Transfert des agents du Trésor aux collectivités territoriales : entre logique de réforme et craintes d’implosion sociale.

La correspondance de la ministre de l’Économie et des Finances, Nadia Fettah Alaoui, à l’intention du Trésorier du Royaume, Nourredine Bensouda, concernant la mise en œuvre des dispositions de la loi n° 14-25 relative au transfert des employés de la Trésorerie générale du Royaume vers les collectivités territoriales, a ouvert un large débat au sein des fonctionnaires des finances et a remis sur le devant de la scène la question du consensus social dans un secteur considéré comme l’un des plus sensibles de l’administration publique.
Alors que le ministère affirme que cette opération s’inscrit dans le cadre de la modernisation de la gestion de la collecte locale et de la promotion de la décentralisation financière, les syndicats financiers expriment des inquiétudes claires quant au fait que cette initiative pourrait se transformer en source de tension sociale si elle n’est pas gérée selon une logique de consensus total et de garanties concrètes.
Pour sa part, le ministère tente de désamorcer tout potentiel de tension en insistant sur le fait que le transfert ne sera pas obligatoire et qu’il se fera selon les principes de la volontariat et du maintien des droits acquis, avec l’intégration de mesures budgétaires dans le projet de loi de finances pour l’année 2026 afin de garantir la continuité des avantages administratifs et financiers pour les employés concernés.
Il a également proposé trois modalités de transfert, incluant la mise à disposition, l’affectation, puis l’intégration dans les corps du Ministère de l’Intérieur, dans le but d’offrir une flexibilité permettant à chaque employé de choisir le parcours le plus adapté à sa situation professionnelle et familiale.
Cependant, les syndicats les plus représentatifs du secteur financier estiment que les garanties annoncées, malgré leur importance, demeurent insuffisantes tant qu’elles ne sont pas traduites en textes réglementaires clairs et contraignants. Ils réclament une participation réelle des représentants des employés dans la mise en œuvre de ce projet, plutôt que de se contenter de les informer des décisions après leur adoption.

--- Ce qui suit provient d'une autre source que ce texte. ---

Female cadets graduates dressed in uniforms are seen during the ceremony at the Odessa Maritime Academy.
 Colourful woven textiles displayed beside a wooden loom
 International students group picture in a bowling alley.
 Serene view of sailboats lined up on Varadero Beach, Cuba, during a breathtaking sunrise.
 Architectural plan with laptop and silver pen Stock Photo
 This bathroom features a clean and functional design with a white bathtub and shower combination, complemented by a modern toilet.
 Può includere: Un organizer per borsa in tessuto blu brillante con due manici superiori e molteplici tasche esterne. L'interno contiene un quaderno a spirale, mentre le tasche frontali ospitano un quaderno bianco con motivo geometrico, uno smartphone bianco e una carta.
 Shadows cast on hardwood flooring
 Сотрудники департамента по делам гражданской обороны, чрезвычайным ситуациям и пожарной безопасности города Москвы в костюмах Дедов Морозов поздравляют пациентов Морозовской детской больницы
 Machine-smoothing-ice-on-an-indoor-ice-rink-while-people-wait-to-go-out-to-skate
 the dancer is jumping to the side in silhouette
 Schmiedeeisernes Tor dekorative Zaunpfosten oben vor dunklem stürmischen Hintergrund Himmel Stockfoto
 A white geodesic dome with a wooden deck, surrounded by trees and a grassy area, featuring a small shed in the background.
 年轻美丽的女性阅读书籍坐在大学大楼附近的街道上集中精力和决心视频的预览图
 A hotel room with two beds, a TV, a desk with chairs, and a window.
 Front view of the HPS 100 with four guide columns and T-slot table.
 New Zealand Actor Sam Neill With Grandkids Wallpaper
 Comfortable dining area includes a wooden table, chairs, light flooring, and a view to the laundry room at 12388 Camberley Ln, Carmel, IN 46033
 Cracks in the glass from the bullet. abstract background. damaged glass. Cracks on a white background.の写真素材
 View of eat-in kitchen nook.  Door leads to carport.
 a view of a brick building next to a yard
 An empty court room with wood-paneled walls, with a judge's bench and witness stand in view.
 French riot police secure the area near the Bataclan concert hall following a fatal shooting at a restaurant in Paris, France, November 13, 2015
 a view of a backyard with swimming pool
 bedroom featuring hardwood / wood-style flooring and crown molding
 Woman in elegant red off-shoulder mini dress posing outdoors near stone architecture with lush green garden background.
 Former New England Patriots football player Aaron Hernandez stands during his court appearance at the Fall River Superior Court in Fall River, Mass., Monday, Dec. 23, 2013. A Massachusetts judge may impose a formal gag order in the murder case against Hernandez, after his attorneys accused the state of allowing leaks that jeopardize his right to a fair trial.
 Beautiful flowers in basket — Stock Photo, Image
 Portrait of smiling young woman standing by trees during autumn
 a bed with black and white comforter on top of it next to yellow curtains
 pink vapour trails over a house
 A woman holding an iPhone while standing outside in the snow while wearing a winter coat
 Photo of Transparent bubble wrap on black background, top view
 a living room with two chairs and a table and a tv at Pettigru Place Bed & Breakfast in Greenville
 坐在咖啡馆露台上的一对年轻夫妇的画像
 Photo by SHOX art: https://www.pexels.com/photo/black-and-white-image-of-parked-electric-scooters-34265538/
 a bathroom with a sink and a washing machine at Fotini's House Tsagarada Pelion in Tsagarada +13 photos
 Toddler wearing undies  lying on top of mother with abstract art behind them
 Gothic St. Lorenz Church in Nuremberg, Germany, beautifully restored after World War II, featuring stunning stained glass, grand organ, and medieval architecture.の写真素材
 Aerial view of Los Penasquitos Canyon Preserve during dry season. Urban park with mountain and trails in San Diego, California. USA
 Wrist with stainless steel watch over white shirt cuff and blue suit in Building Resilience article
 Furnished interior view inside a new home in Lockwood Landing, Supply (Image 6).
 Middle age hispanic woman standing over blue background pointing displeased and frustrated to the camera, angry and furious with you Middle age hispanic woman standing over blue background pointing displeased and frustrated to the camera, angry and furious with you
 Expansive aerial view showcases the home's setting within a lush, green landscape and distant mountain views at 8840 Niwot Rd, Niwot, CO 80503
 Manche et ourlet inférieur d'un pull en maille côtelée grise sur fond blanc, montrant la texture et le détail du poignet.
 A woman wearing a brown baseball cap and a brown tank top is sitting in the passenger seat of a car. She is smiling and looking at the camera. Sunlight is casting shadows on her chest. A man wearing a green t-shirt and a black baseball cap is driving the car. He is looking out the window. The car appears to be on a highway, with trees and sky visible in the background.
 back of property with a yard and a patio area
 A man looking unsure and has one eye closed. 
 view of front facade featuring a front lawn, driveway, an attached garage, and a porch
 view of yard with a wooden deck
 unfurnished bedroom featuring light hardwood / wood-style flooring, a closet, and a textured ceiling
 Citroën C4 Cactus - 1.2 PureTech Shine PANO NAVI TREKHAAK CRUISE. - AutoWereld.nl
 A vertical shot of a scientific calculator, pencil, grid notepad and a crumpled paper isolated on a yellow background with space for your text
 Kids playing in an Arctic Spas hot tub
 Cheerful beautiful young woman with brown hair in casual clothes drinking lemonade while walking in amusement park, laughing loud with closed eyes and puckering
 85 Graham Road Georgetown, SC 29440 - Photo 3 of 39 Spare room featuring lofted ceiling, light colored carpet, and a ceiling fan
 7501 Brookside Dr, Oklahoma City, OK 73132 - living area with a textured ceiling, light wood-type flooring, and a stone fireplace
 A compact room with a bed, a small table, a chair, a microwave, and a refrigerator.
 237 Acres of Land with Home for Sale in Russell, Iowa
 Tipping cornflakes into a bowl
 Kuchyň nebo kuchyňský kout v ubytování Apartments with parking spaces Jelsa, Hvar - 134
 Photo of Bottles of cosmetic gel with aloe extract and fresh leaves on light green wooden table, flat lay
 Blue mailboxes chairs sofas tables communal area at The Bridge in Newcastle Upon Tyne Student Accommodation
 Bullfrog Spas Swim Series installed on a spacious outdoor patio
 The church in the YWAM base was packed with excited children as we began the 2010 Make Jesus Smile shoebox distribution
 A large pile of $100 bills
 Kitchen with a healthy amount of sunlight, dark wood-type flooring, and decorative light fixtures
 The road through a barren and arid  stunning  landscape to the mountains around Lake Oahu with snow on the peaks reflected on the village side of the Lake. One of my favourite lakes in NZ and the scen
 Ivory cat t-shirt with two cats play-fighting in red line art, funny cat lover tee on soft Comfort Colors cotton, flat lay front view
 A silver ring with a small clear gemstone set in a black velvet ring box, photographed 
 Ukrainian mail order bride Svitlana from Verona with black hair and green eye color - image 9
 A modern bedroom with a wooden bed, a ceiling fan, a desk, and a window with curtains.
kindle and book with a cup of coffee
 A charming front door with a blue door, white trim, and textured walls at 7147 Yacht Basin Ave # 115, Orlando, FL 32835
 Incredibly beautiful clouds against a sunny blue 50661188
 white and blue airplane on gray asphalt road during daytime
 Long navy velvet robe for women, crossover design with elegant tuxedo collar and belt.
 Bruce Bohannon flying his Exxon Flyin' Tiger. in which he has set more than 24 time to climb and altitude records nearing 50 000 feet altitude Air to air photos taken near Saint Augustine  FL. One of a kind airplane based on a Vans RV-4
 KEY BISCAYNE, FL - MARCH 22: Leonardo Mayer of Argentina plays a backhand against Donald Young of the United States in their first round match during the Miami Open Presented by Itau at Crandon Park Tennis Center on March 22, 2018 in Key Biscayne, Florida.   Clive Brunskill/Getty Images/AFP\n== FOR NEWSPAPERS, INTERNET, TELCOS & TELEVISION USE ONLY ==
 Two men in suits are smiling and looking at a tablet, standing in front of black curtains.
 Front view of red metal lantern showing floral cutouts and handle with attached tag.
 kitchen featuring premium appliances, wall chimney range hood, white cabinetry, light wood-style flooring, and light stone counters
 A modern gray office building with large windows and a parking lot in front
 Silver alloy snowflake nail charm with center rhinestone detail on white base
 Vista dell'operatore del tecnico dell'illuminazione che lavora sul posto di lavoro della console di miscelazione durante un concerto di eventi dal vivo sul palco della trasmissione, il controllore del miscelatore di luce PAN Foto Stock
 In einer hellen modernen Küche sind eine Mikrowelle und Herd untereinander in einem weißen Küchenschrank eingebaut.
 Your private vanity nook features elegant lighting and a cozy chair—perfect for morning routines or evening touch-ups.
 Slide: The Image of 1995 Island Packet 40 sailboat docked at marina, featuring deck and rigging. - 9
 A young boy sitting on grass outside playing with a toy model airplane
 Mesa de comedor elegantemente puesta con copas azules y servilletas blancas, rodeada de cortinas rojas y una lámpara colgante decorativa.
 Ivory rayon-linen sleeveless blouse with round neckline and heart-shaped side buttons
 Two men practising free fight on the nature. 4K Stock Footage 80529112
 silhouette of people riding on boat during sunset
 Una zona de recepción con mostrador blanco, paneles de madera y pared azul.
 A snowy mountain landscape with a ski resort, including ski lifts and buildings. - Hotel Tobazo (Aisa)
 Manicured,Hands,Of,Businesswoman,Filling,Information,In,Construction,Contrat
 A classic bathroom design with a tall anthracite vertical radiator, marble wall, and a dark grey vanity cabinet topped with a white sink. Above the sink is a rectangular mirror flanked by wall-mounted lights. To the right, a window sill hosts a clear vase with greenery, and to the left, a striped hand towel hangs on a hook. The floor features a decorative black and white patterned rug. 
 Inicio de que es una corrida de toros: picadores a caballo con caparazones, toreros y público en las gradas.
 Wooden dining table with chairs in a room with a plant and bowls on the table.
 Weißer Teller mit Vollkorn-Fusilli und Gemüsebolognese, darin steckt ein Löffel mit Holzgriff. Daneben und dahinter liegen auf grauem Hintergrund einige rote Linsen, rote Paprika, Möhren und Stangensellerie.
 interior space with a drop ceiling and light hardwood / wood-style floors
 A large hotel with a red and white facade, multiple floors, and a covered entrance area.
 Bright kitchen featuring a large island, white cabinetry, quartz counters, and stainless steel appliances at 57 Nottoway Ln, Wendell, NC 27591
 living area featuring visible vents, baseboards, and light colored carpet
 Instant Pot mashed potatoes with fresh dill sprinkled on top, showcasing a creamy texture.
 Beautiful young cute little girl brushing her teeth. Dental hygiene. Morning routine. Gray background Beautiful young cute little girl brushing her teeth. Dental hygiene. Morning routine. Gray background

Des sources syndicales avertissent qu’une accélération non consensuelle du processus de transfert pourrait être perçue comme une remise en question des acquis historiques des employés de la Trésorerie générale, notamment en ce qui concerne leur parcours professionnel, leur système de promotion et leur stabilité d’emploi, ce qui pourrait conduire à une intensification des manifestations que ni le gouvernement ni l’administration ne souhaitent.
En revanche, le ministère considère que ce changement représente une véritable opportunité pour élargir les compétences professionnelles des employés et s’engager dans une gestion locale renouvelée, ouvrant de nouvelles perspectives de développement de carrière, à condition que le transfert se déroule dans une atmosphère sereine, avec une démarche de soutien et d’écoute.
La question qui se pose aujourd’hui est la suivante : la ministre de l’Économie et des Finances parviendra-t-elle à convaincre les syndicats financiers de l’utilité de cette réforme et de ses garanties, ou l’absence de confiance accumulée poussera-t-elle le dossier vers un conflit social ?
La réponse dépendra de la capacité des deux parties à transformer ce projet d’une décision administrative source d’inquiétude en une réforme consensuelle qui équilibre modernisation de l’administration et protection des droits des employés.